Iuran organisasi adalah sumber utama berjalannya roda organisasi itu sendiri. Ibarat mobil maka iuran adalah bahan bakarnya tanpa bahan bakar mobil akan mogok.
(SPN News) Jakarta, Pagi itu, suasana dalam ruang sekretariat terlihat serius. Rapat pagi ini membahas tentang agenda besar organisasi yaitu kongres. Keputusan rapat disampaikan oleh Ketua, bahwa mandat delegasi hanya satu orang sesuai AD/ART organisasi. Itu pun masih menyisakan masalah, bahwa biaya delegasi tersebut harus darimana. Mengingat keuangan organisasi tingkat perusahaan ini sangat minim.

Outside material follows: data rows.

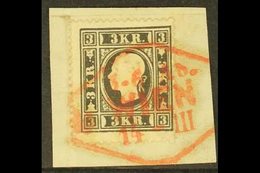 1858 3kr Black, Type I, Mi 11I, SG 23,  Fine Used On Piece With Red Wien Cancel. For More Images, Please Visit Http://ww - Altri & Non Classificati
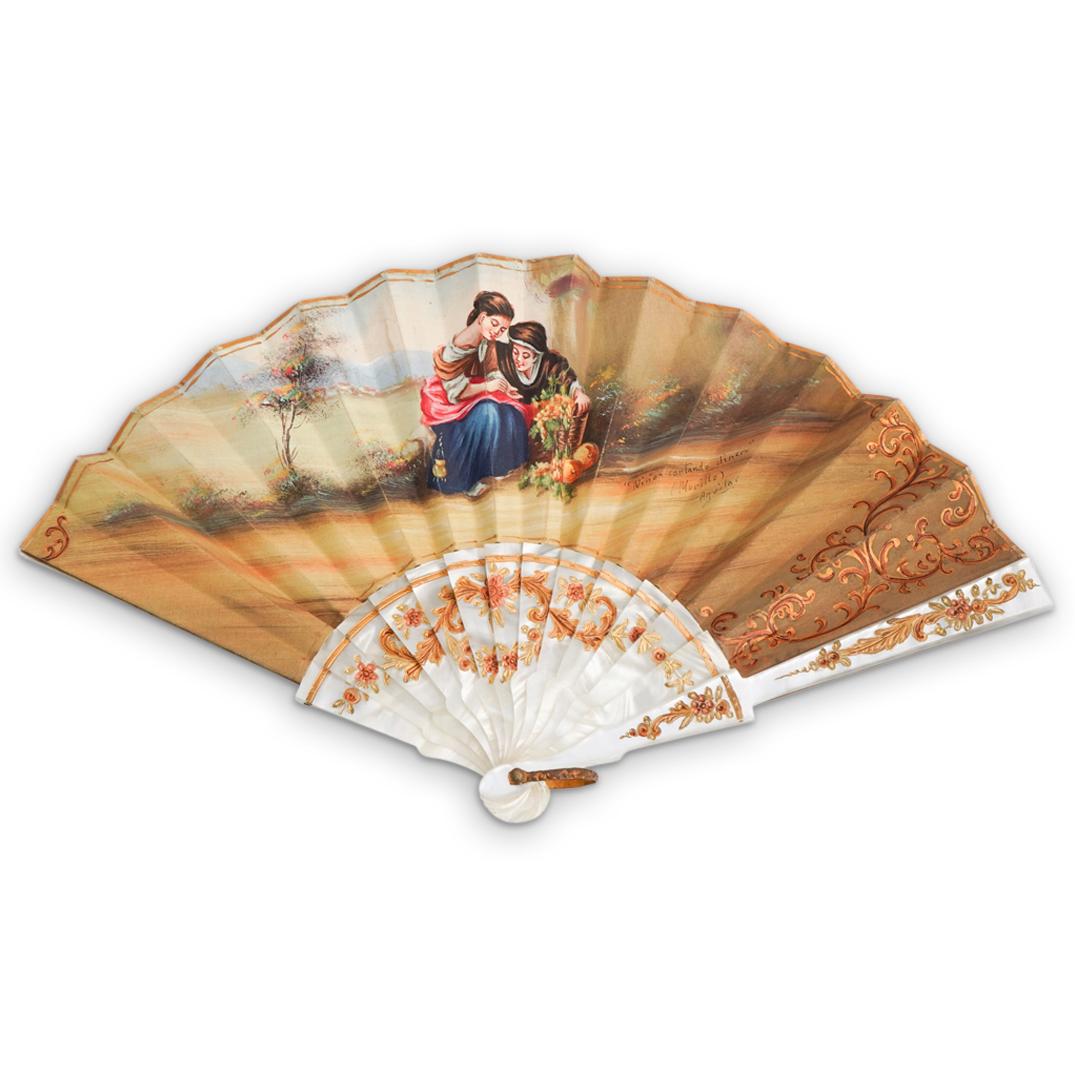 Spanish Mother of Pearl Hand Painted Fan (1 of 5)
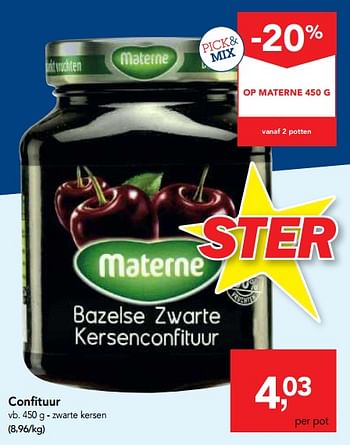Promoties Confituur - zwarte kersen - Materne - Geldig van 18/10/2017 tot 31/10/2017 bij Makro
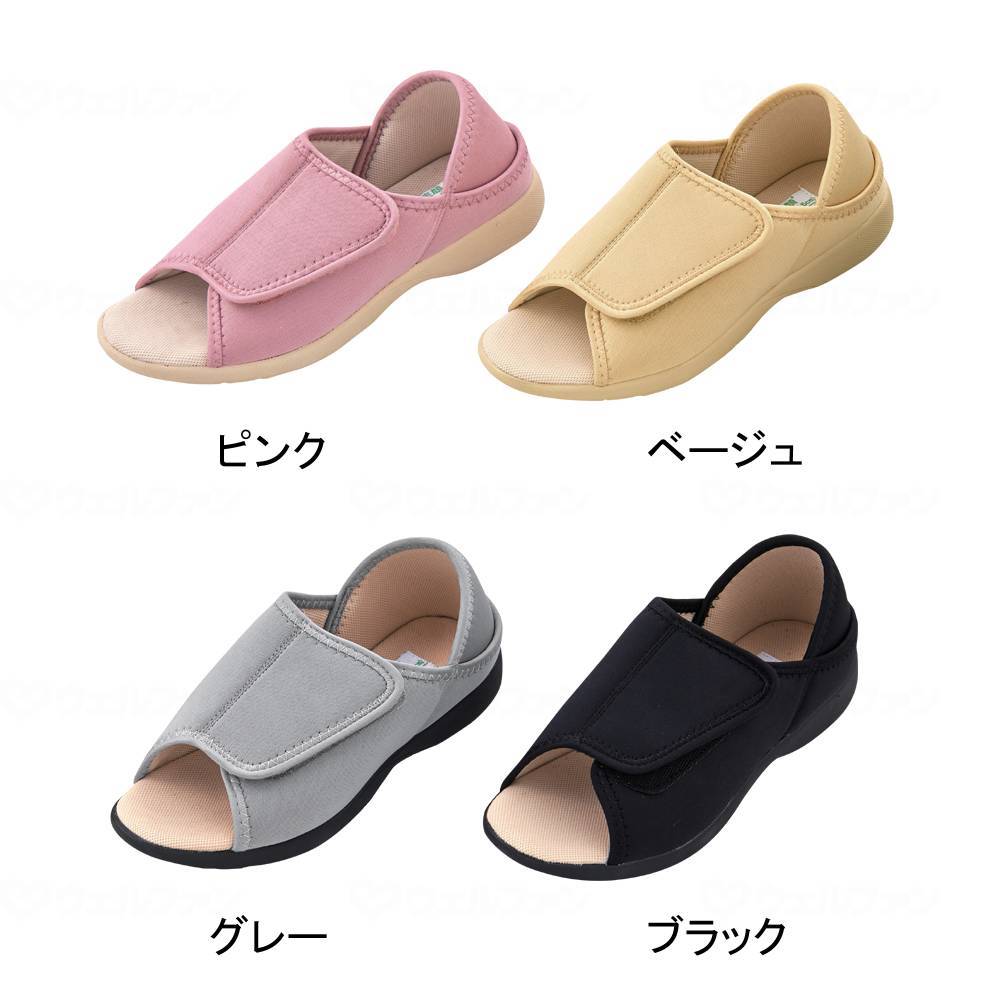 神戸生絲あし笑顔かかとが踏めるﾙｰﾑｼｭｰｽﾞｵｰﾌﾟﾝﾄｩﾀｲ ﾋﾟﾝｸ M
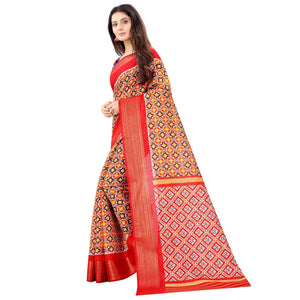 Brown Casual Wear Designer Hand Block Printed Cotton Linen Saree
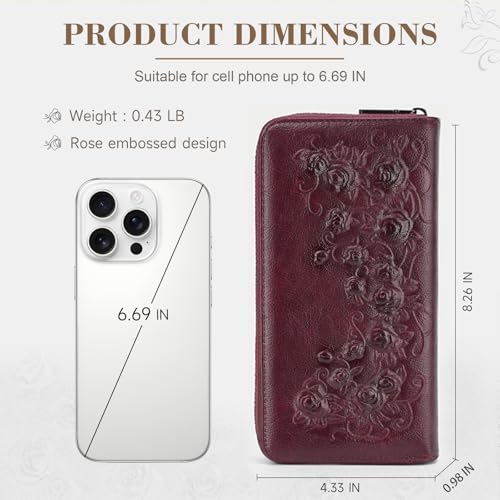 MEITRUE Womens Wallet Large Capacity Phone Clutch Purse RFID Floral Embossed Vegan Leather Travel Wallet with Wristlet Red - color: 07-red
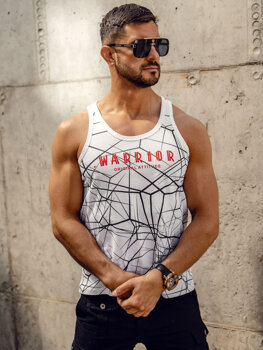 Bolf Herren Tank Top Boxing T-Shirt mit Motiv Weiß  14845A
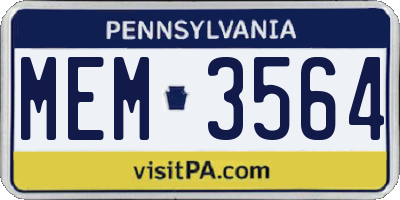 PA license plate MEM3564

Cerita di atas hanya ilustrasi. Kurang lebih problem umum penganggaran keuangan demikian. Di satu sisi, pengurus serikat dituntut kerja dengan standar moral tinggi dengan dalih menjaga nama baik organisasi. Tapi di sisi lain tidak diimbangi dengan kesadaran mengatasi masalah utama. Situasi tersebut kadang jadi bahan tertawaan dengan ungkapan: anggota serikat yang menindas pengurusnya. Meskipun candaan tapi menurut saya ini serius.
Beberapa pengurus serikat mencoba mengatasi masalah. Tidak seluruh dari percobaan tersebut berhasil. Malah jalan di tempat dan terjebak pada langkah-langkah pembenaran menurut versinya sendiri. Pilihannya macam-macam. Mulai bermain-main dengan dana “siluman” dari Timses dalam perhelatan Pemilu / Pilkada atau terima amplop pemberian pengusaha. Dalihnya, ‘kan kasus sudah selesai! Ada pula yang – sampai ngobyek di tempat lain. Misalnya di saat lain nyambi juga jadi pengacara pengusaha, dalihnya asal serikatnya bukan anggota kita.
Pernah suatu saat saya menemukan pembanding lain. Mereka bercerita bahwa anggota serikat secara ramai-ramai menyatakan mundur dari keanggotaan dengan alasan serikat tidak amanah. Anggota sudah bayar iuran, tetap saja masalah gak beres. Anggota di-PHK, gak ada advokasi. Malah suatu saat salah satu pengurusnya tertangkap basah makan malam bareng HRD perusahaan, sehari sebelum penetapan upah. Peristiwa itu, jika dibandingkan dengan serikat yang bekerja untuk anggotanya, mereka akan berkata: ‘Wah, enak banget ya kalau pengurusnya jujur dan amanah!’
Isu keuangan serikat selalu sensitif. Karena sensitif orang jarang membahas secara terbuka, bahkan terkesan menghindarinya. Bertahan menjadi semacam mitos yang ditahan di kepala sampai pelontos. Mungkin ada satu, dua, atau tiga orang pengurus serikat buruh yang bertahan dengan idealisme dan tahan dengan godaan. Tapi jauh di luar sana, puluhan atau bahkan ratusan pengurus serikat bosan dengan kondisi ini dan memilih jalan pintas.
Sekali lagi, masalah keuangan serikat buruh bukan hanya metode penarikan iuran dan besarannya, juga perlu mendiskusikannya pengalokasiannya secara terbuka.